Another benefit to think about is paying less over the long term for the property because you won’t have any mortgage interest to be afraid of. You may be able to save some money on fees related to the appraisal, title insurance, and lender-imposed closing costs. And, because you will own the property outright from day one, cash buyers gain full, instant equity in the property that can be borrowed against or cashed out at the appropriate time. The thrill of a cash purchase is an adequate cause for a lot of investors to opt-in.
Costs to Consider
Even though obtaining a rental property with cash has many advantages, there are also costs you will still be responsible for, although you plan not to finance your purchase with a mortgage. As an example, while you may avoid certain loan-related fees, there will still be closing costs on a cash sale that you will be required to pay out-of-pocket. These costs can add up to as much as 3% of the property’s purchase price and include things like real estate transfer taxes, processing, and filing fees levied by the County Recorder, a home inspection fee, and so on.
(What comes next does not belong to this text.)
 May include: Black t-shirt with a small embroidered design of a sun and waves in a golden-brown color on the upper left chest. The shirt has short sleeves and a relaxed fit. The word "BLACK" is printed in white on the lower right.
Property taxes will likewise repeatedly be a cost that owners will need to pay, one way or another. There could be property taxes due at the time of the sale, and then there can be ongoing expenses that will have to be paid every year or twice a year thereafter. In a lot of places, you can check a property’s tax bill online through a city or county website.
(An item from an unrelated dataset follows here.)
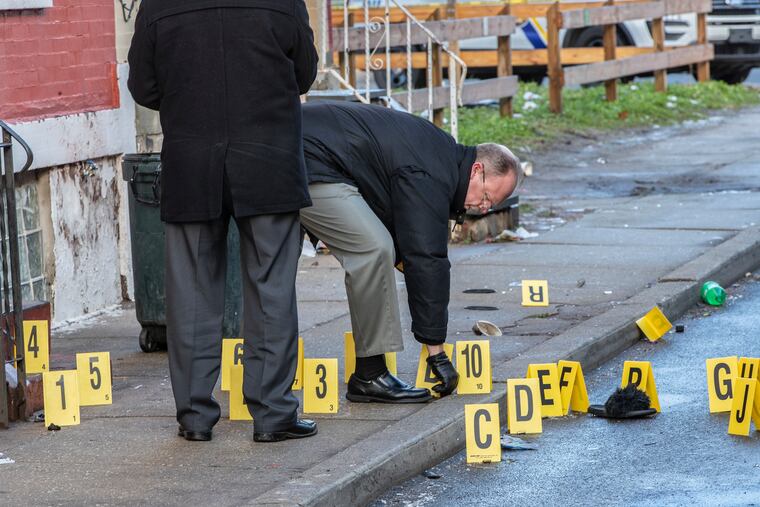 Philadelphia police investigators gather up the bullet shell casings on the 2400 block of North Patton Street Sunday morning, Jan. 19, 2020, after two men were found with gunshot wounds in the early hours of Sunday morning. Both men were taken to Temple University Hospital.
Several other ongoing expenses that you can assume to pay related to your investment property include insurance, maintenance and repairs, utilities, and in some cases, homeowner’s association dues. Not to mention professional Ojai property management to maximize ROI. These and all other charges of owning a property should be seriously researched and included when estimating your monthly cash flow.
To reap the benefits of buying a rental property with cash, take into consideration that you’ll need more than just the property’s purchase price on hand. You’ll moreover need enough cash for closing costs, taxes, insurance, and the repairs you’ll need to make to get the property ready to rent.
At Real Property Management Limitless, we aid rental property buyers to find the right deals and off-market properties. Whether you wish to pay cash or finance your next rental, we can help! Contact us online to learn how.
We are pledged to the letter and spirit of U.S. policy for the achievement of equal housing opportunity throughout the Nation. See Equal Housing Opportunity Statement for more information.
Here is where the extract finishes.